Member of the Chamber of Deputies
- In office 15 May 1933 – 15 May 1937
- Constituency: 7th Departamental Grouping

Personal details
- Born: 22 November 1888 Santiago, Chile
- Died: 29 February 1964 (aged 75) Santiago, Chile
- Party: Liberal Party
- Spouse: Berta Costa Goycolea

= Ruperto Murillo =

Chilean politician (1888–1964)

Ruperto Murillo Gaete (22 November 1888 – 29 February 1964) was a Chilean public employee, writer and politician. A member of the Liberal and Liberal Democratic movements, he served as a deputy for Santiago during the XXXVII Legislative Period of the National Congress of Chile.

== Biography ==
Murillo was born in Santiago on 22 November 1888, the son of Ruperto Murillo Sotomayor and Natalia Gaete del Río. He married Berta Costa Goycolea in San Bernardo on 7 June 1914; the couple had five children.

He worked as an employee of the State Railways Company (Empresa de los Ferrocarriles del Estado), where he rose to become Head of Materials of the Second Zone until 1932. In 1944, he collaborated with engineer Santiago Pérez Peña in the reorganization of the national railway system.

In parallel with his professional career, he was active as a writer and novelist. His published works include Hacia la luz (1930), Sol de otoño (1931) and Cuerpos y almas (1937). He also collaborated with the newspapers El Mercurio and El Diario Ilustrado, where he supported the development of the Chilean merchant navy.

== Political career ==
Murillo was one of the early promoters of initiatives aimed at fostering cooperation among the youth wings of the Liberal parties.

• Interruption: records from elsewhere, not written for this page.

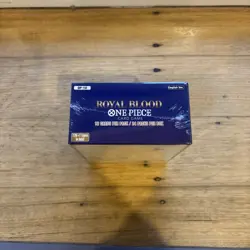 One Piece CCG *SEALED* OP10 Royal Blood Booster Box - Image 2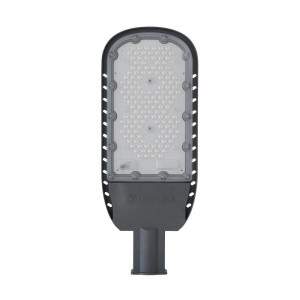 Светильник светодиодный ECO CLASS AREA SPD ДКУ 90Вт 6500К 12150лм IP66 GY линза сер. LEDVANCE 4058075557796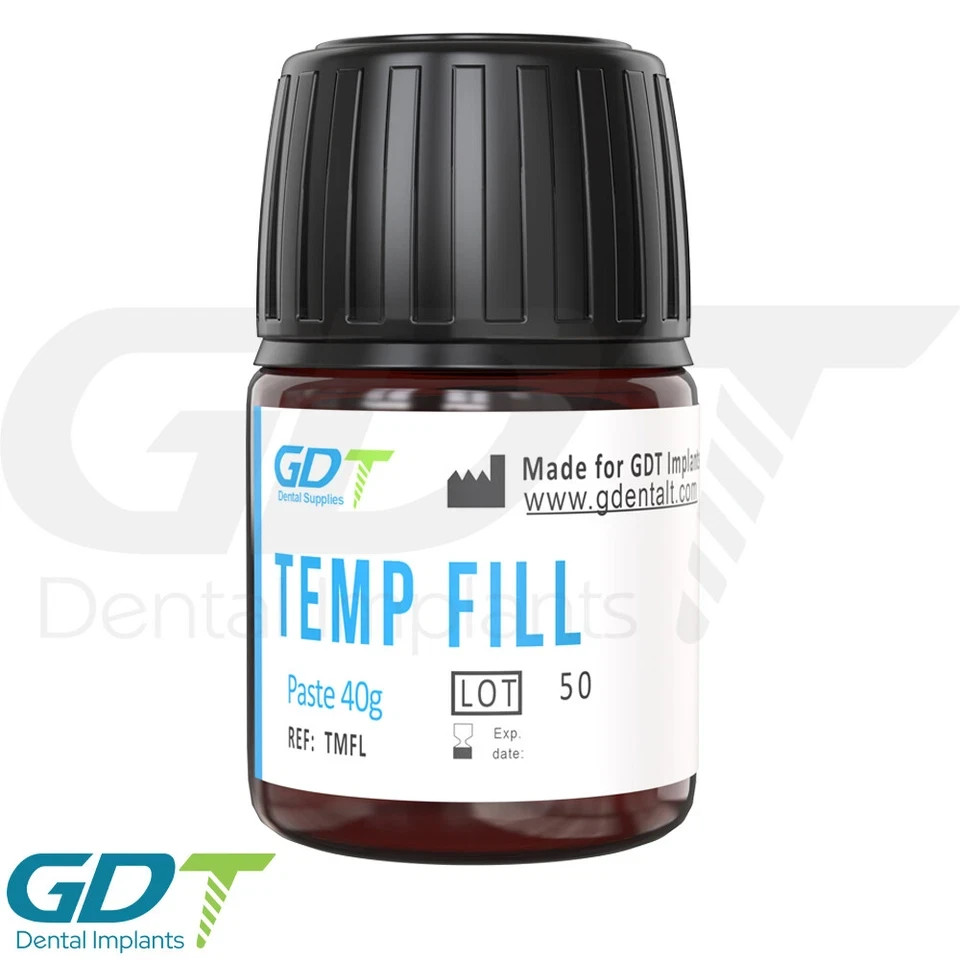Temp Fill Temporary Cavity Filler Dental Cure Home Use Material, 40g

He militated in the Liberal Party and the Liberal Democratic movement, serving as secretary and vice president of the party.

He was elected deputy for the 7th Departamental Grouping of Santiago (First District), serving during the 1933–1937 legislative period. In the Chamber of Deputies, he was a member of the Standing Committee on Development (Fomento).

Beyond Parliament, he was founder and president of the Liberal Democratic Club of Santiago, secretary of the Balmaceda Legacy Association and of the Club de Septiembre, a member of the Chilean Scientific Society, and councillor of the Caja de Crédito Popular.

He died in Santiago on 29 February 1964.